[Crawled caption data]
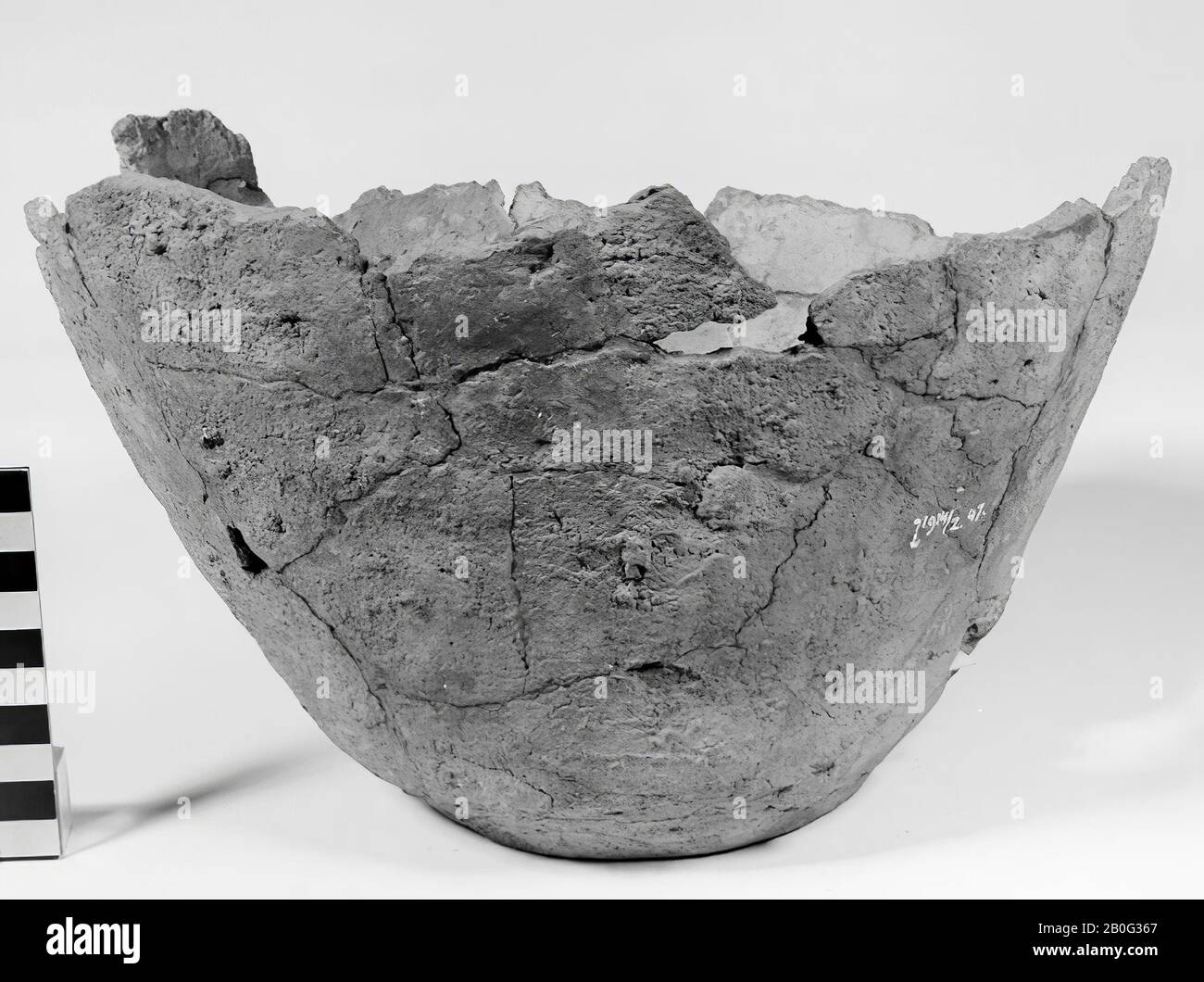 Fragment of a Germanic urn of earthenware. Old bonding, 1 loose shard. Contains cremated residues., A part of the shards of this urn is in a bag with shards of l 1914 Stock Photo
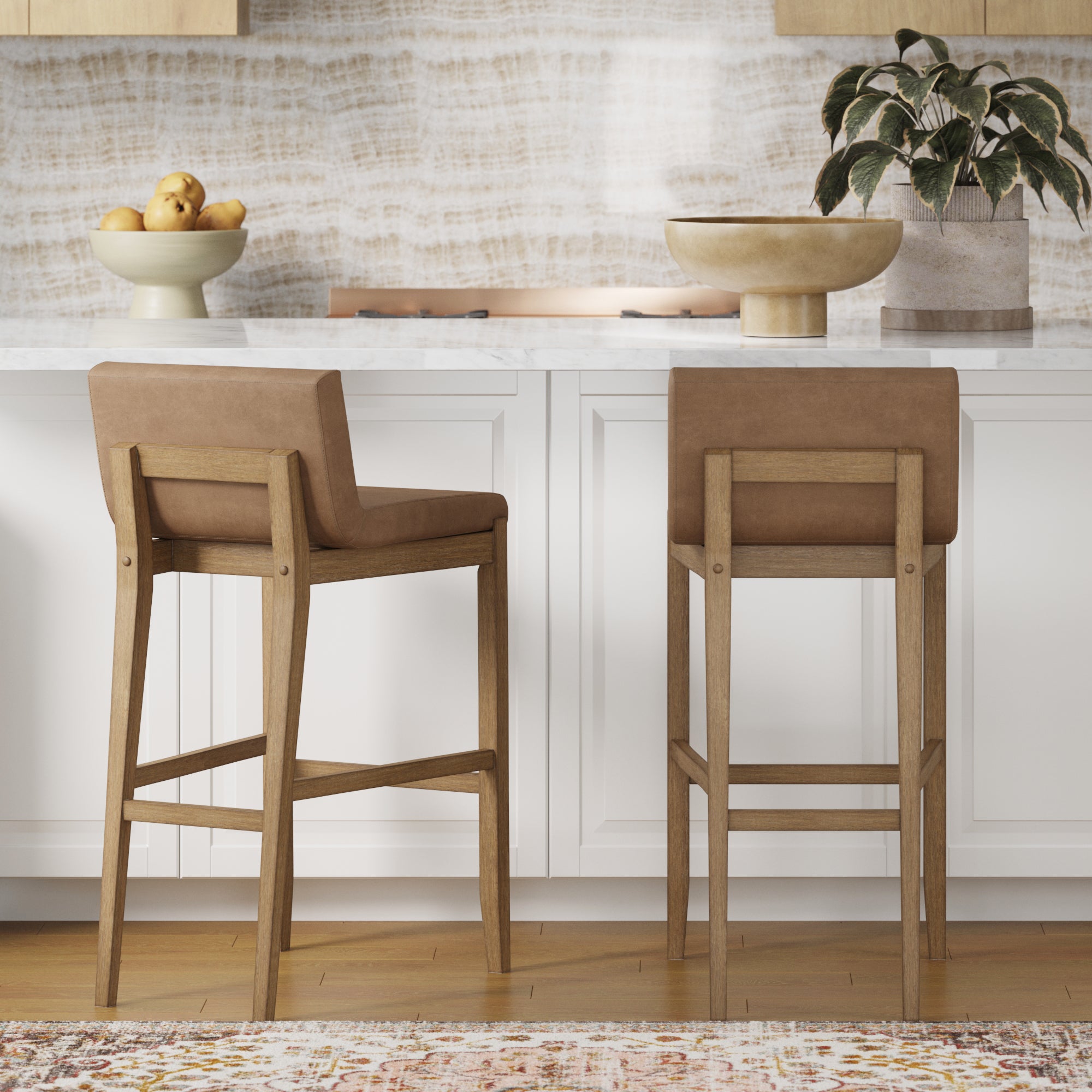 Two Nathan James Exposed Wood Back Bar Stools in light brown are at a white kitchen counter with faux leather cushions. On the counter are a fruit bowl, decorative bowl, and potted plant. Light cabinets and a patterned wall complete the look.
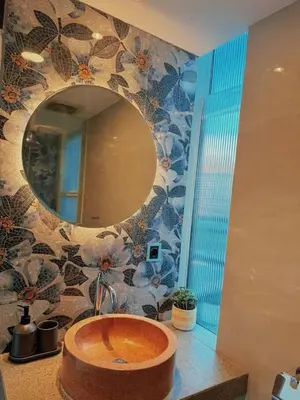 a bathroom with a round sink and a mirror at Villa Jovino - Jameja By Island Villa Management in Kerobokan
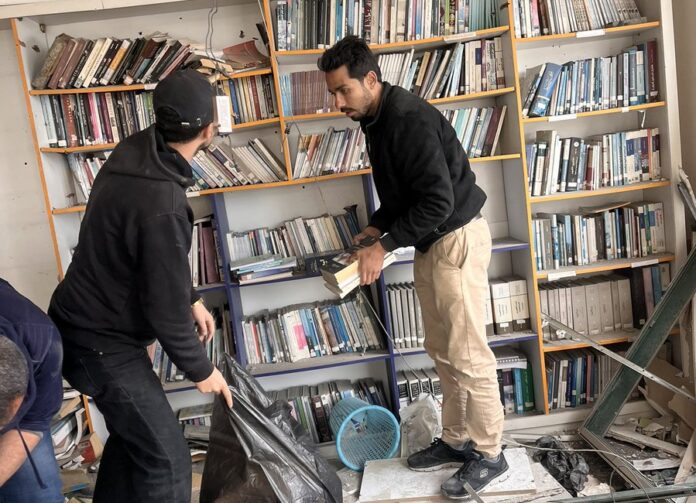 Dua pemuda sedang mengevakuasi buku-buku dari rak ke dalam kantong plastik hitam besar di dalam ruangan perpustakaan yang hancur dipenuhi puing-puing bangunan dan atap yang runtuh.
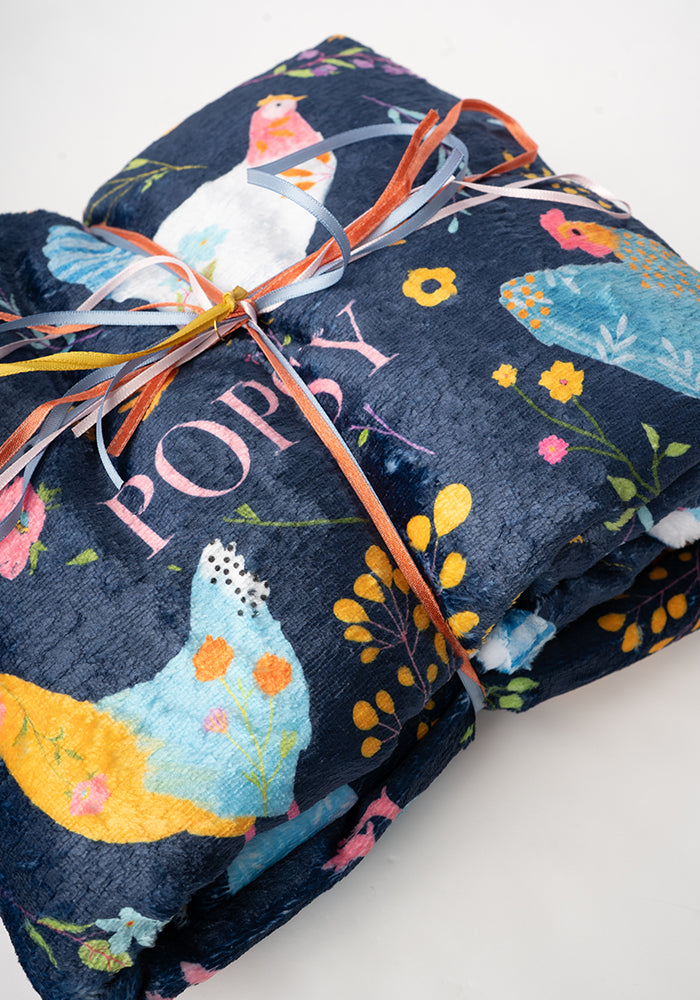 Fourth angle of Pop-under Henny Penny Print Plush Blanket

# THE TASK
Copy the records above exactly, leaving out every picture.

# PROBLEM SOLUTION
 Fragment of a Germanic urn of earthenware. Old bonding, 1 loose shard. Contains cremated residues., A part of the shards of this urn is in a bag with shards of l 1914 Stock Photo
 Two Nathan James Exposed Wood Back Bar Stools in light brown are at a white kitchen counter with faux leather cushions. On the counter are a fruit bowl, decorative bowl, and potted plant. Light cabinets and a patterned wall complete the look.
 a bathroom with a round sink and a mirror at Villa Jovino - Jameja By Island Villa Management in Kerobokan
 Dua pemuda sedang mengevakuasi buku-buku dari rak ke dalam kantong plastik hitam besar di dalam ruangan perpustakaan yang hancur dipenuhi puing-puing bangunan dan atap yang runtuh.
 Fourth angle of Pop-under Henny Penny Print Plush Blanket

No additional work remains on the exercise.